The differential equation of the family of all circles of radius 'a' is

• A. $y_1y_2 + (1+y_1^2)=a$
• B. $(1+y_1^2)^3 = a^2y_2^2$
• C. $1+y_1^2 = y_2^2+a^2$
• D. $y_2^2+1 = y_1^2+a^2$

Hint:

The differential equation of a family of curves can often be found from a defining geometric property.

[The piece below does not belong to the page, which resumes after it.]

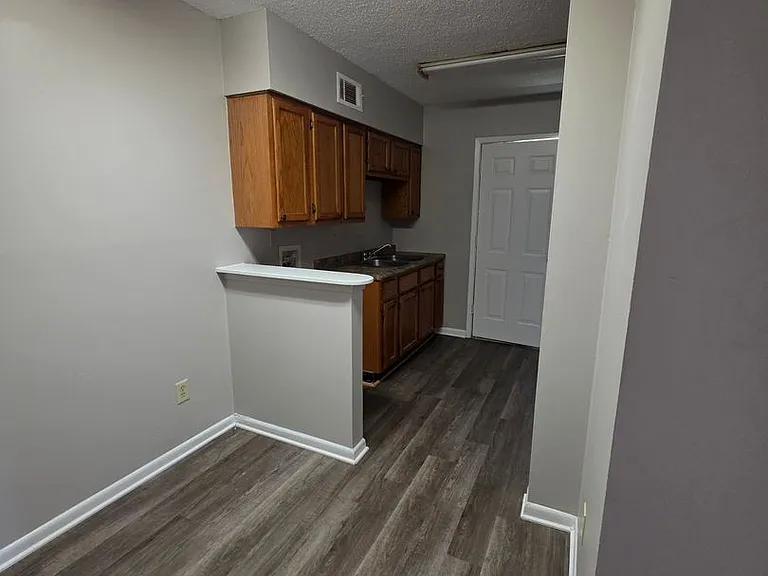 408-412 Graham St — Photo 5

For a family of circles with a constant radius, the key property is that their radius of curvature is constant and equal to the radius of the circle.

Answer 1

The Correct Option is B

Step 1: Relate the differential equation to a geometric property.
The family of all circles of a fixed radius 'a' has a constant radius of curvature equal to 'a'. The formula for the radius of curvature, $\rho$, for a curve given by $y=f(x)$ is: \[ \rho = \frac{[1 + (y')^2]^{3/2}}{|y''|}. \] where $y' = \frac{dy}{dx}$ and $y'' = \frac{d^2y}{dx^2}$.

Step 2: Apply the condition for the family of circles.
For any circle in the family, the radius of curvature is constant and equal to its radius, 'a'. So, we set $\rho = a$. \[ a = \frac{[1 + (y')^2]^{3/2}}{|y''|}. \]

Step 3: Rearrange the equation to match the options.
Move $|y''|$ to the other side: \[ a |y''| = [1 + (y')^2]^{3/2}. \] Square both sides to eliminate the square root and the absolute value: \[ a^2 (y'')^2 = ([1 + (y')^2]^{3/2})^2. \] \[ a^2 (y'')^2 = [1 + (y')^2]^3. \]

Step 4: Rewrite the equation using the notation $y_1$ and $y_2$.
Using the standard notation $y_1 = y'$ and $y_2 = y''$, the differential equation is: \[ a^2 y_2^2 = (1+y_1^2)^3. \] This matches option (B).